Leti Maele seeks leave to appeal against sentence on two grounds:[7]
[7]The following two grounds were abandoned upon the hearing of the application in this Court:
1. The sentencing judge erred in declining to make a youth justice centre order because of the judge’s finding that the Applicant was ‘very mature’ for his age without turning his Honours mind to the other factors in s 32(1)(b) of the Sentencing Act 1991.
2. The sentencing discretion miscarried in that the sentencing judge found that the applicant was ‘very mature’ for his age without receiving a pre-sentence report.
3. The sentencing discretion miscarried in that the sentencing judge noted that the Applicant would be a good candidate for the youth unit in Port Phillip Prison and that there was no doubt that he would get parole.
4. In all the circumstances:
(a)the total effective sentence; and
(b)the non-parole period
are manifestly excessive.
For the reasons that follow, in each case we would refuse leave to appeal against sentence.
The offending and its aftermath
It is necessary to summarise the offending and its aftermath.
By way of background, the four offenders have family or social connections. Maele Maele is the uncle of Apisai Maele, and the cousin of Leti Maele. They befriended Andrew Apineru though the Seventh Day Adventist Church. The two applicants Maele have no prior or subsequent convictions, or any outstanding charges. Andrew Apineru has one prior court appearance for theft and an irrelevant outstanding charge.
Kane Dulieu (charge 1), Justin Stephens (charge 3) and Ryan Vears (charge 4) knew each other, but did know the three applicants or their co-offender. Travis Silvester (charge 2) had, however, been socialising with the co-offenders the night and morning immediately preceding the offending.
The judge summarised the offending in his reasons for sentence as follows:
On 18 November 2016, Kane Dulieu was celebrating his 24th birthday at the Irish Bar at Knox Ozone in Wantirna South with friends including Justin Stephens and Ryan Vears.
Dulieu, Stephens and Vears decided to leave the premises at approximately 1.30 am and walked through a carpark towards a taxi rank about 30 metres away.

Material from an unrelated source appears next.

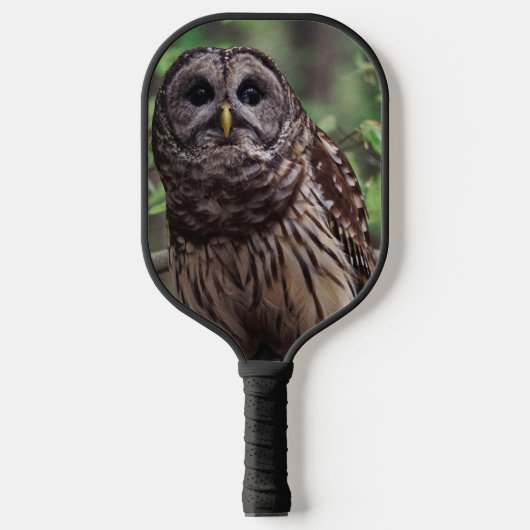 Barred Owl Pickleball Paddle (Voorkant)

In the carpark they were observed by an off duty crowd controller from the Lou Lou Bar which was also located in the Knox Ozone area. The crowd controller wrongly believed that Dulieu and a friend had damaged the vehicle owned by the proprietor of the Lou Lou Bar. No such damage had occurred at all.

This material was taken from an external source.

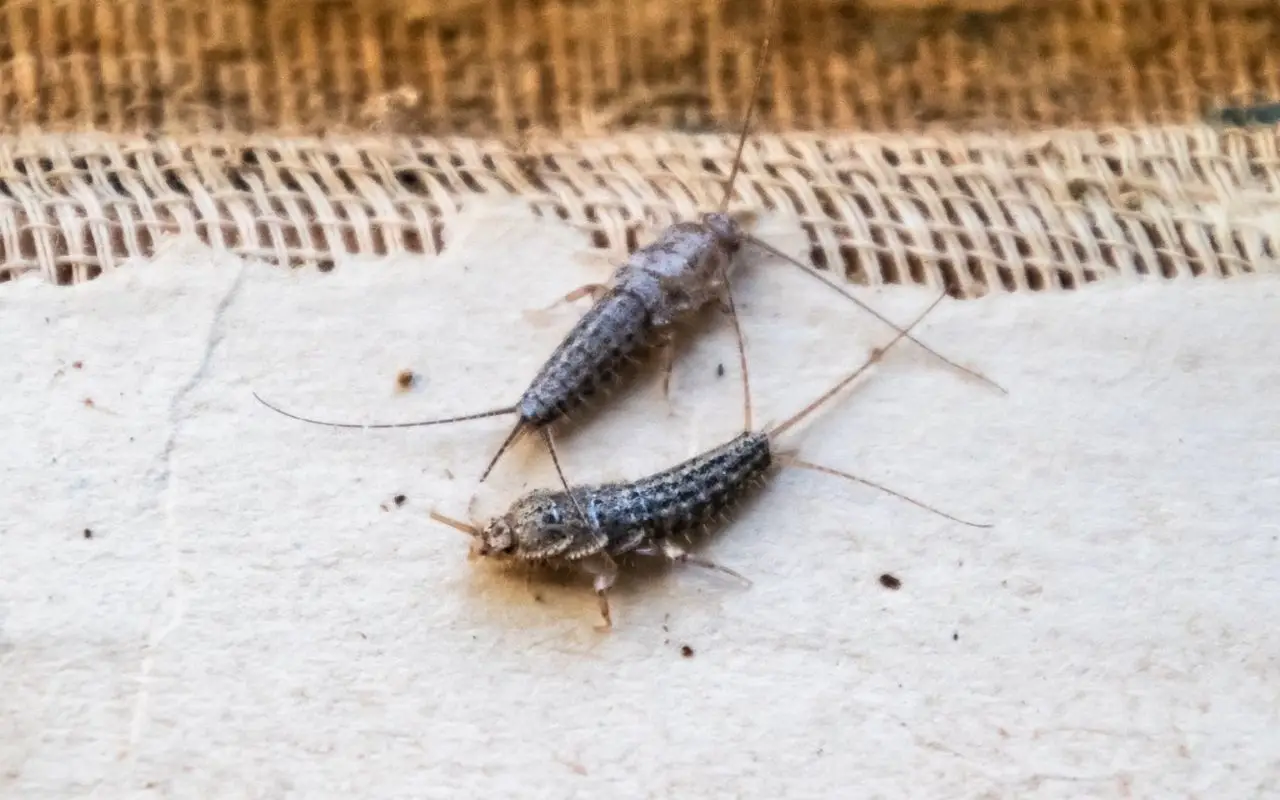 Come eliminare definitivamente i pesciolini d’argento dagli angoli della casa Come eliminare definitivamente i pesciolini d’argento dagli angoli della casa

The four [offenders] who had all been drinking in the Lou Lou Bar and were associates of the owner were also in the area of the carpark. They ran towards Dulieu and his friend Chris Wilson who denied damaging the car in anyway. Dulieu walked to the taxi rank with Stephens and Travis Sylvester who had been in the Lou Lou Bar and was trying to calm the situation down.
At the area of the taxi rank Maele Maele approached Stephens and without warning or the slightest provocation punched him in the head. Stephens fell to the ground unconscious [charge 3 — intentionally causing injury]. Shortly after regaining consciousness he was then punched and kicked repeatedly by the other three [offenders].
Dulieu was then punched in the head from behind by Apineru. He too fell to the ground unconscious and struck his head on the concrete [charge 1 — recklessly causing serious injury]. It was a coward’s punch. All four [offenders] then surrounded him and punched and kicked him forcefully as he lay motionless on the footpath.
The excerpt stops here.